:: EXERCISE ::
Set down the data below in full and exactly, minus the pictures.

:: Records from a data source ::
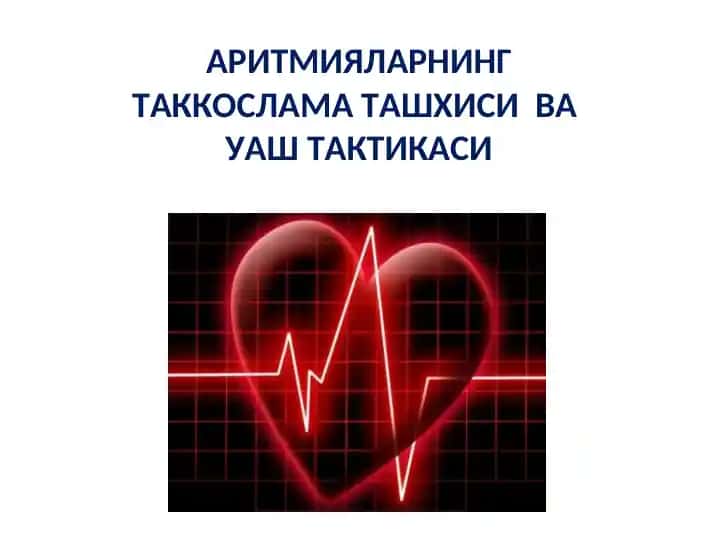 Аритмияларнинг таккослама ташхиси ва уш тақтикаси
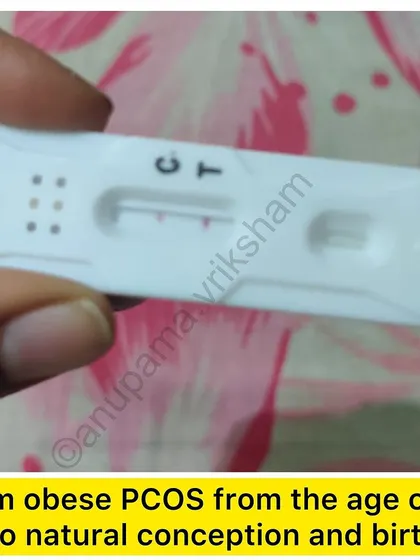 This student had obese PCOS from the age of 13 and a stressful job. By focusing on diet and exercise to regulate her periods, she was able to conceive naturally.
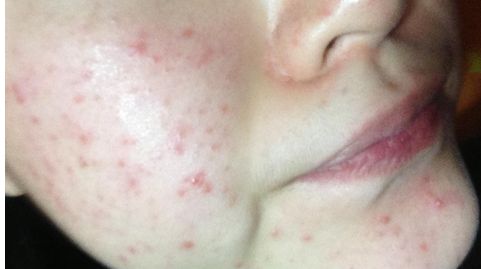 北京豐臺(tái)右安門醫(yī)院醫(yī)生好不好？服務(wù)口碑如何？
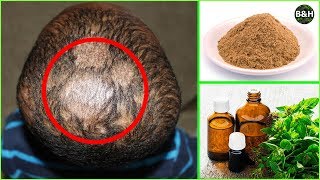 Ringworm Hair Loss Treatment  How To Get Rid of Scalp Fungus Instantly Tinea Capitis [upl. by Annij]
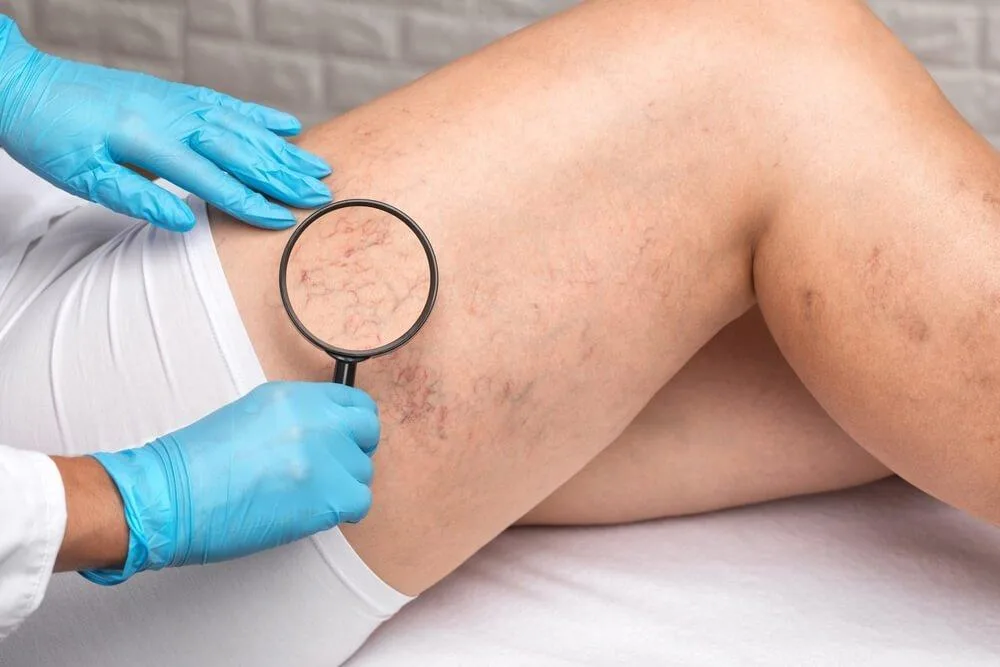 Sclerotherapy
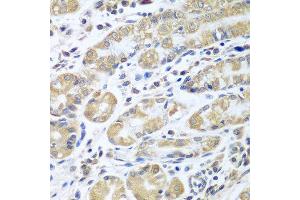 Immunohistochemistry of paraffin-embedded human stomach using EIF1AX antibody at dilution of 1:100 (40x lens). (EIF1AX antibody)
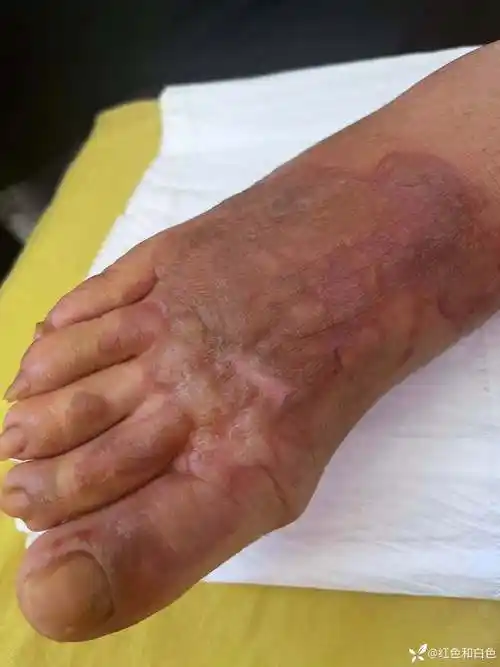 老年人足部烫伤在家处理效果不错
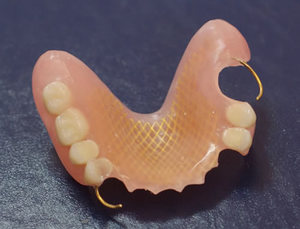 Teilprothese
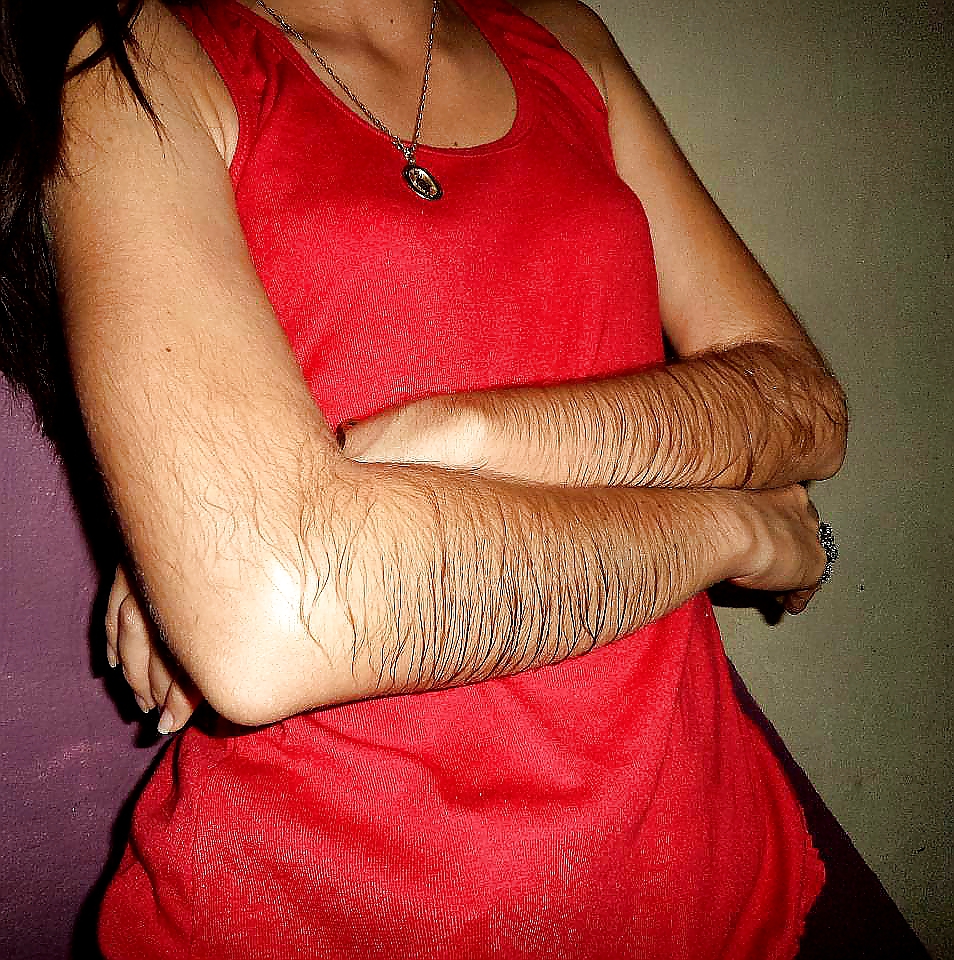 Girl with very hairy arms #23253094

:: OUTPUT OF THE EXERCISE ::
 Аритмияларнинг таккослама ташхиси ва уш тақтикаси
 This student had obese PCOS from the age of 13 and a stressful job. By focusing on diet and exercise to regulate her periods, she was able to conceive naturally.
 北京豐臺(tái)右安門醫(yī)院醫(yī)生好不好？服務(wù)口碑如何？
 Ringworm Hair Loss Treatment  How To Get Rid of Scalp Fungus Instantly Tinea Capitis [upl. by Annij]
 Sclerotherapy
 Immunohistochemistry of paraffin-embedded human stomach using EIF1AX antibody at dilution of 1:100 (40x lens). (EIF1AX antibody)
 老年人足部烫伤在家处理效果不错
 Teilprothese
 Girl with very hairy arms #23253094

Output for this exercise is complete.